The Parsis of Gujarat in the Eighteenth and Nineteenth Century: An Economic Profile of a Vibrant Community
This research project explores the economic history of the Parsis of Gujarat and their networks of commercial and cultural exchanges across the Indian Ocean world during the eighteenth and nineteenth centuries. The Parsis, a small community of Zoroastrians, had emigrated from Persia and settled down in various parts of Gujarat in western India. Through their active involvement in production and trade, the Parsis became one of the most versatile economic actors in the region. As shipowners, long-distance large-scale traders, brokers, bankers, suppliers of goods to Europeans and Asian merchants, retailers and small-scale traders, weavers, shipbuilders, and craftsmen, members of the Parsi community played a vital role in the growth of Gujarat’s economy and Indian Ocean trade. They were prominent merchants and shipowners and their networks of commercial exchange spread across and beyond the Indian Ocean world. They formed diasporas in East Africa, the Red Sea, and the Persian Gulf regions and Southeast Asia. By the mid-nineteenth century, the networks of Gujarati Parsi merchants extended up to Britain. They maintained good professional relations with other Indian merchant communities and the Europeans. In colonial India in the nineteenth century, they were the partners in the empire and contributed immensely to the rise of Bombay as a major British colonial port city in western India.

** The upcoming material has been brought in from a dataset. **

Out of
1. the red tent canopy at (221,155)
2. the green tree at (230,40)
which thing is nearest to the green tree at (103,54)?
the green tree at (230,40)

What contributed to this remarkable commercial success of the Parsis in the eighteenth and nineteenth centuries? To what extent their socio-cultural and institutional dynamics contributed to it? This research project aims to address these questions.
One of my hypotheses is that in their professional world the Parsis were less inhibited by social and cultural taboos than were the Muslims and Hindu and Jain Bania merchants. This broadened the range of professional career opportunities open for them to choose from and also allowed them to spread risk by diversifying their activities and investing in multiple businesses. Many Parsi merchants combined ship-owning, commodity trading, brokering, tax farming, and banking.
Another major question this research aims to address is the impact of early nineteenth century British colonial takeover of Gujarat on the commercial fortunes of the Parsis. The Parsis of Surat benefited from their close association with the English Company. Surat closely followed Bombay in terms of community development and institution building and it continued to be the hub of production and trade activities. For the Parsis of Surat, there were myriad possibilities and new commercial opportunities. How they took those opportunities and what facilitated them to do so? To what extent they were able to ensure intergenerational transmission of familial wealth? By addressing these questions this study seeks to explore a long-term historical continuity in their commercial affluence, examine to what extent the community’s commercial fortunes were linked with those of the European East India companies and evaluate the notion of an ‘Anglo-Parsi order’ in the eighteenth and nineteenth centuries in the light of evidence from Dutch, English, Gujarat, and Persian primary archival sources.
This will be a major contribution to the study of merchant communities in India and their trading networks as well as their responses and survival strategies during the region’ transition to a colonial economy. During my stay in the Netherlands, I will explore the VOC archives and collect data on Parsi merchants and intermediaries for this research project. I will also have the opportunity to interact with the IIAS fellows and Leiden University faculty and share my research findings with them.
This study attempts to illuminate various dimensions of indigo production and trade in India in the last five hundred years. As a source of natural blue dye, indigo was produced in India since the ancient period. From the sixteenth to the early twentieth century, its production had been substantial because of a large European demand for this commodity so also because of its huge consumption in the flourishing local textile industry. What was the nature and scale of production, how this was organized in terms of labor, technology and capital, and in what way the relationship between growers/producers and entrepreneurs/companies changed in the colonial period, are some crucial issues that will be taken up in this study. In a broader framework, this is an enquiry into the implications of indigo industry and trade for the political economy of India in general and for the groups of people involved in the various stages of production and their mutual relationship in particular.
The records of the English and the Dutch East India Companies and the documents of the British colonial government in India constitute the basic source of information. Crucial evidence on the organization of indigo production and trade will also be culled from the memoirs, travel diaries and some local indigenous sources.
A comprehensive study, like this, is essential for understanding the changing dynamics of the agrarian economy and commerce of India from the pre-colonial to colonial times. This will also help us develop a global framework for the study of the Indian economy. Looking at indigo from this perspective will help us evaluate the role and position of South Asia in the emerging world economy since the early sixteenth century.